Neil PowellTHE LAST OF ENGLAND DIANA McVEAGH, Gerald Finzi: His Life and Music (Boydell Press) £25

The fiftieth anniversary of Gerald Finzi's death went surprisingly unmarked at last year's Proms; but it was hearing a Proms performance of his Concerto for Clarinet and String Orchestra, around 1980, which persuaded me beyond doubt that here was a composer whose work I must get to know better. Luckily, a decent recording existed, by John Denman and the (then 'New') Philharmonia under Vernon Handley, and at the end of its sleevenote there's a further brief note on its author: 'Diana McVeagh is currently working on a study of Finzi's life and music.' This book has been a long time coming.

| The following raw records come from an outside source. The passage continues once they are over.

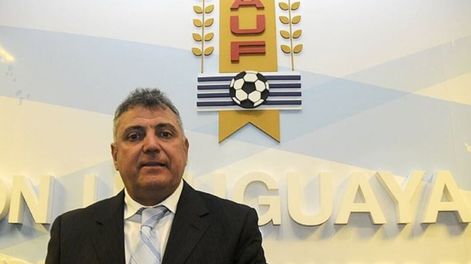 Repentina renuncia del presidente de la Asociación Uruguaya de Fútbol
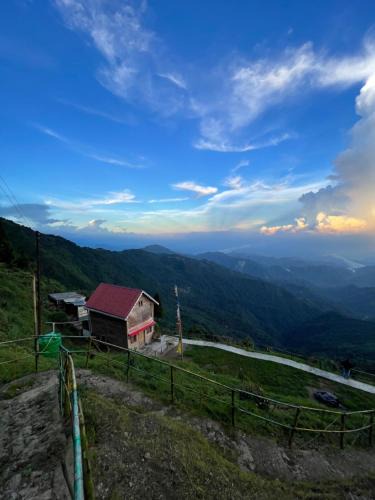 Kurseong Ski Chalet | Chimney Farmstay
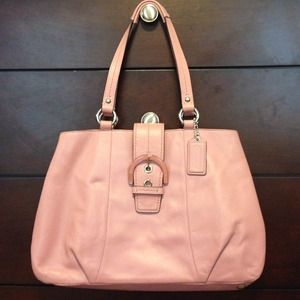 💢Reduced💢Authentic pink leather COACH purse.
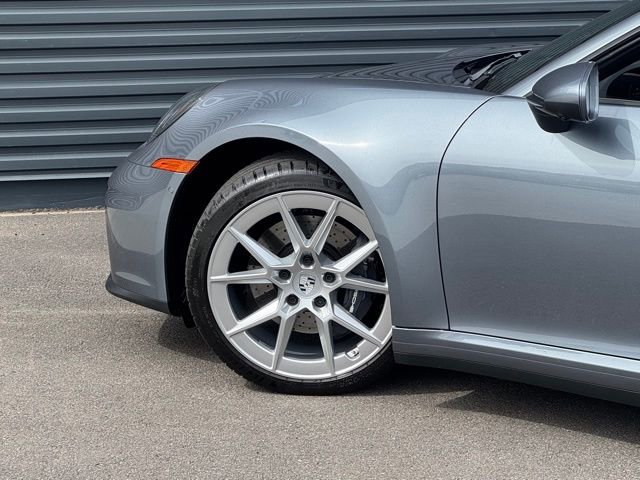 Used 2025 Porsche 911 Carrera image 12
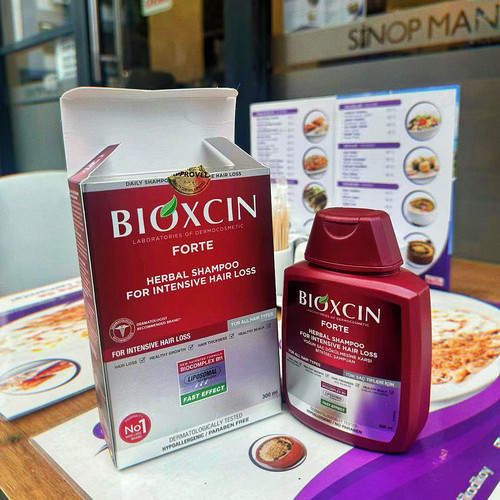 土耳其Bioxcin柏科生洗发水 控油蓬松强韧草本精华洗发300ML - 图0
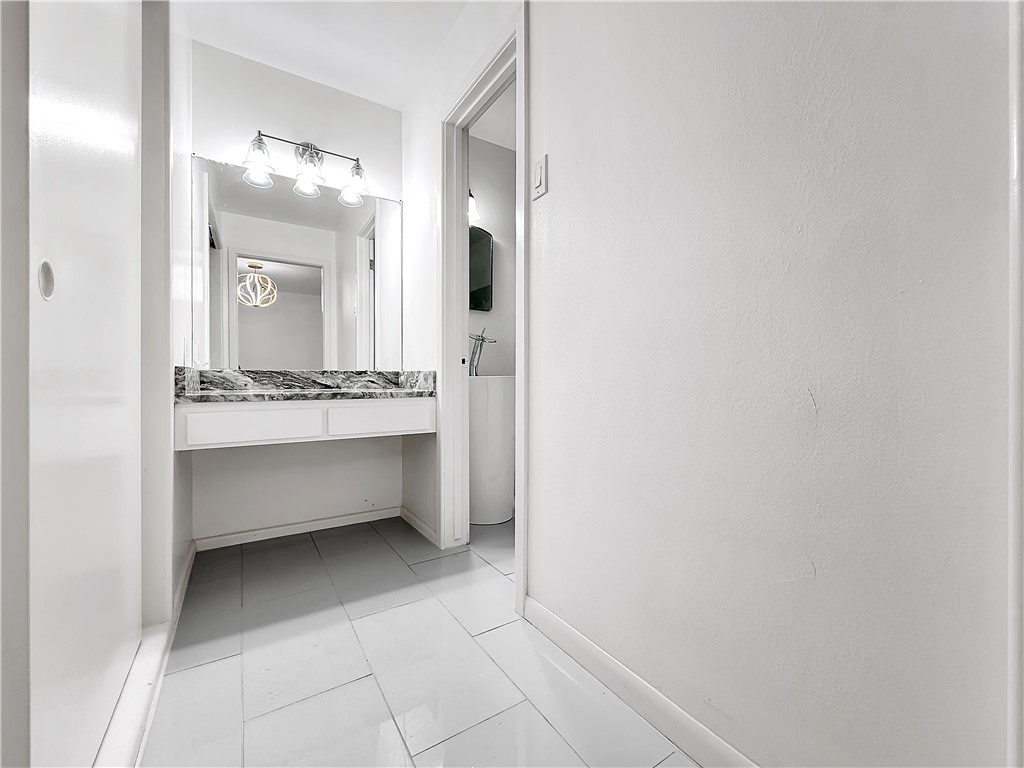4115 Meridian Pl Property Photo 14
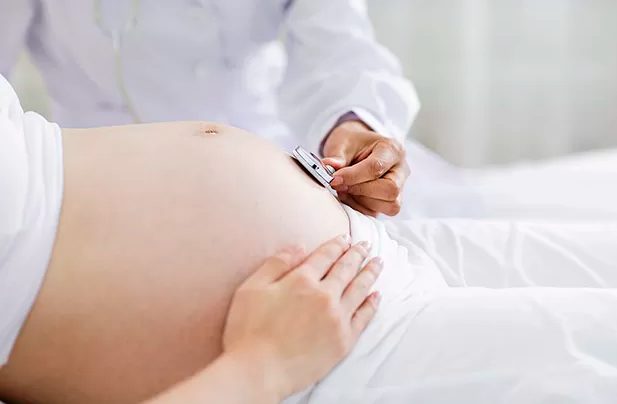 Quedó reglamentada la actividad de las obstetras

I remember looking up the Gramophone review of that LP, from which one sentence sticks in my mind: 'Finzi was the last composer to sing of the English countryside.' That's both perceptive and subtly misleading: it implicitly links him with the English lyric poets whose work he loved and wonderfully set, yet there's also a hint of the backward-looking false pastoral which unkind observers called the 'cow-pat school' of composition. However, Finzi's was always an outsider's Englishness, both qualified and intensified by his ancestral foreignness; like Siegfried Sassoon, whom Gerald and his wife Joy entertained at Ashmansworth when their friend Edmund Blunden was visiting them, he was 'a man of German and Italian descent' who had turned himself 'into a model English countryman'. The cracks showed, not only in his life but audibly in the distinctive, unsettled edginess of his orchestral writing: in ...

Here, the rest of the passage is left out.